### [What you need to do]
Beginning with the line that contains "Forigo-Roteritalia D350010350 Fräsmesser, rechte" in the material below, print each line exactly until the line that contains "Destilador aceites esenciales" has been printed, then stop.
● ● ● ●
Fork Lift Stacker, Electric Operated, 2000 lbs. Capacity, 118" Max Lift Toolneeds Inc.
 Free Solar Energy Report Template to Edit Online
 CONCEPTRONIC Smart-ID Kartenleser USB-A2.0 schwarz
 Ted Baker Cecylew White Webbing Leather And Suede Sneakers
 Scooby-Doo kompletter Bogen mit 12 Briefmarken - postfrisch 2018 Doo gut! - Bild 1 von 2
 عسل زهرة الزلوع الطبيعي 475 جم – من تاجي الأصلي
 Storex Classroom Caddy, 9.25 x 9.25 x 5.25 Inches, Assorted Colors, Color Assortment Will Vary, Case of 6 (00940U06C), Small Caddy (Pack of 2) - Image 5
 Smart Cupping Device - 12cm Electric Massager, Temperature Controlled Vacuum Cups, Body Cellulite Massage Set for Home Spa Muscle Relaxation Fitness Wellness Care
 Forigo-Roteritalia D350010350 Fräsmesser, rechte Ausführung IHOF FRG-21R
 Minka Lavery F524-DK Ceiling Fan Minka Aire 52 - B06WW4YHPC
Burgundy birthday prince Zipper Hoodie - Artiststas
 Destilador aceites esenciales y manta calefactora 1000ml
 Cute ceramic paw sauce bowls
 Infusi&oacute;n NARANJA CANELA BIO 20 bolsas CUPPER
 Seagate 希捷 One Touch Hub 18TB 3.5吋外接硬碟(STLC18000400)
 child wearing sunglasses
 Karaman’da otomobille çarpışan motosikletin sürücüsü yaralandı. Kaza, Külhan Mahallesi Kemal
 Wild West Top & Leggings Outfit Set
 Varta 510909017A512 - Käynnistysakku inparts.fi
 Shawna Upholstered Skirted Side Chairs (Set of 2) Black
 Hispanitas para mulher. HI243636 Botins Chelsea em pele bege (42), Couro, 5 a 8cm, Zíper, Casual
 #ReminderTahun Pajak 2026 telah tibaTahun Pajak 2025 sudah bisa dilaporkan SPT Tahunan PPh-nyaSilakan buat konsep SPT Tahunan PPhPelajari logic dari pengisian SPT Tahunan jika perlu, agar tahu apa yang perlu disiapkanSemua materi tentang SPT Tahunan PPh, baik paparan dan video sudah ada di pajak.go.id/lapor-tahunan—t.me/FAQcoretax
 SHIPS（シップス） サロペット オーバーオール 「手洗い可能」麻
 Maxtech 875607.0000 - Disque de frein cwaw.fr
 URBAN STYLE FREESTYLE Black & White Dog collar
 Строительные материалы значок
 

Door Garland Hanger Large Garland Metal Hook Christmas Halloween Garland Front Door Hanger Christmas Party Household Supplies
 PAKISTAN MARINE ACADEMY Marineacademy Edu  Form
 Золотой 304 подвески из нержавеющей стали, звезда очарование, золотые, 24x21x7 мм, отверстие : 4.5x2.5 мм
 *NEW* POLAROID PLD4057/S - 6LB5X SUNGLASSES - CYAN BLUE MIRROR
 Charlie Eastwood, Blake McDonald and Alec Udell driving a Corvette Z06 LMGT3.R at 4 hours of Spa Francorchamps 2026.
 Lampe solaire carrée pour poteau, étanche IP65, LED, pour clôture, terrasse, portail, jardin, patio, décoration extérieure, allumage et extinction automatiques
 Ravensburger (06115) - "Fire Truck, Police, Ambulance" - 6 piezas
● ● ● ●
### [Written response]
 Forigo-Roteritalia D350010350 Fräsmesser, rechte Ausführung IHOF FRG-21R
 Minka Lavery F524-DK Ceiling Fan Minka Aire 52 - B06WW4YHPC
Burgundy birthday prince Zipper Hoodie - Artiststas
 Destilador aceites esenciales y manta calefactora 1000ml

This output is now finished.